No dia 07/08/2020, o site do UOL deu a notícia de que uma mãe, moradora da cidade de Araçatuba, em São Paulo, havia perdido a guarda da filha de 12 anos depois que esta participou de um ritual de passagem feito no Candomblé. Em um dos momentos da reportagem se afirma que “ainda que não tenham surgido novos indícios de violência ou abuso, familiares que não concordam com a religião fizeram outra denúncia”. Tal denúncia resultou na perda da guarda da filha por parte da mãe da menina, que agora vive com a avó que é evangélica e que foi uma das denunciantes a respeito de maus-tratos e abusos sexuais aos quais a menina estaria sendo submetida, denúncia esta que não foi comprovada mediante o exame de corpo de delito no IML.

Essa situação, bastante triste por sinal, parece revelar algo ainda mais preocupante e sobre o qual já falamos anteriormente em nossos textos. Trata-se da intolerância religiosa, que no caso parece se manifestar como preconceito religioso, discriminação religiosa, e não dificilmente, racismo religioso por parte de todas as pessoas envolvidas, até mesmo do próprio Estado.

Não é de se espantar que uma das denunciantes seja evangélica. Mesmo que seja amplo o que é denominado evangélico no país, infelizmente dentro desse movimento há diversos grupos fundamentalistas e que se consideram como pertencentes à única religião verdadeira, sendo todas as outras consideradas obras de Satanás. Mesmo que tal postura não ocorra somente no movimento evangélico, havendo também representantes desses fundamentalismos na igreja católica, é notória a guerra que o movimento evangélico estabeleceu (principalmente com o advento do neopentecostalismo) com as religiões de matrizes africanas.

Comumente demonizadas, tais religiões são vistas por tais movimentos evangélicos fundamentalistas como crenças inferiores, praticadas por pessoas que estariam enganadas pelo diabo e afastadas de Deus. De certa maneira, o próprio fato de se atribuir a tais religiões o nome de crença já denota certo olhar desdenhoso que grande parcela cristã ainda insiste em fomentar com relação às religiões de matrizes africanas.

A pretensão de se acharem do lado certo, de se considerarem os únicos detentores do amor de Deus, os que possuem o passaporte privilegiado da salvação não raras vezes nos faz ver atitudes como essa que mostra a reportagem.

Se olharmos mais fundo ainda, é possível também perceber o velho racismo que se encontra nas entranhas da nossa sociedade, que considera tudo que é ligado à raça negra como algo sujo, demoníaco e inferior, esquecendo-se de que somos, na verdade, filhos e filhas de negros e negras. O próprio cristianismo, nascido na Palestina não veio da branquitude europeia; Jesus e seus discípulos, provavelmente, tinham mais traços negros comuns na região da Palestina do século I, do que traços cáucasos; a própria teologia cristã, em seus primórdios, não foi sistematizada por brancos de olhos azuis, mas por teólogos que provavelmente eram negros, visto vários terem vindo do norte da África, tal como Agostinho para citarmos um dos mais famosos.

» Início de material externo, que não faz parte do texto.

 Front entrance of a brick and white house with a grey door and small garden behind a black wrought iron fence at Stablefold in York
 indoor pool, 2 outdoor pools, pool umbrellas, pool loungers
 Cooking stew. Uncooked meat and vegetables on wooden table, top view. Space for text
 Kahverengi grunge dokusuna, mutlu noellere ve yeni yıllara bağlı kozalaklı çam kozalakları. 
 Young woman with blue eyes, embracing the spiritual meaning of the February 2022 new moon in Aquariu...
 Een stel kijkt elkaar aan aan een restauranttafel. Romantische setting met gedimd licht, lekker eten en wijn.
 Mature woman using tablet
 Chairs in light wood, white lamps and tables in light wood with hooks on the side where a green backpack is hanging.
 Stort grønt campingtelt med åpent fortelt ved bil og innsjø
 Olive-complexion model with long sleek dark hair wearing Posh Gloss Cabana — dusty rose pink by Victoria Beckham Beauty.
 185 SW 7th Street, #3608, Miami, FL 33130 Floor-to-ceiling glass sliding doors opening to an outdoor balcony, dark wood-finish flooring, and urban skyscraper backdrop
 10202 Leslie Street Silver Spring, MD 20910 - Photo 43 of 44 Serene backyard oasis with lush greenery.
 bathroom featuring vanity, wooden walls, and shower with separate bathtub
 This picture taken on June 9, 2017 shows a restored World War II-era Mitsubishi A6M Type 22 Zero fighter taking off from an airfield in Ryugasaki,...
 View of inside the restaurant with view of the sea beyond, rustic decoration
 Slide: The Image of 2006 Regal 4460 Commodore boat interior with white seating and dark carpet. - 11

Diante dessa realidade de origem, pensar um cristianismo que seja racista, ainda mais no nosso país que é uma mistura sem fim de raças, torna-se um absurdo, sendo vergonhoso seu fomento em diversas comunidades que se dizem cristãs espalhadas Brasil a fora. A ideia de superioridade cristã com relação às religiões de matrizes africanas não pode ser vista sem levar em conta o racismo estrutural da qual tal ideia participa, sendo, portanto, tarefa teológica denunciar todo e qualquer ato de discriminação e preconceito religioso, como o que aparenta ser tal fato noticiado pelo UOL. Qualquer pessoa que se considera superior ou melhor que outra por pertencer ao cristianismo ainda não entendeu o evangelho anunciado por Jesus.

Religiões de matrizes africanas não são religiões diabólicas. Dizer isso é preconceituoso e revela uma ignorância sem tamanho. Muito pelo contrário, é uma religião como tantas outras, tal como o é o próprio cristianismo com seus rituais, suas preces e sua tentativa de dizer a relação entre humano e divino. Somente quando uma pessoa que se diz cristã compreende que ela não é melhor ou está mais próxima de Deus por causa da religião que professa é que ela começou a também compreender o Evangelho de Jesus que anuncia o amor abrangente do Pai que chama a todas as pessoas para participar de sua vida.

Diante de tudo isso, a denúncia do racismo em todas as suas formas é também tarefa cristã.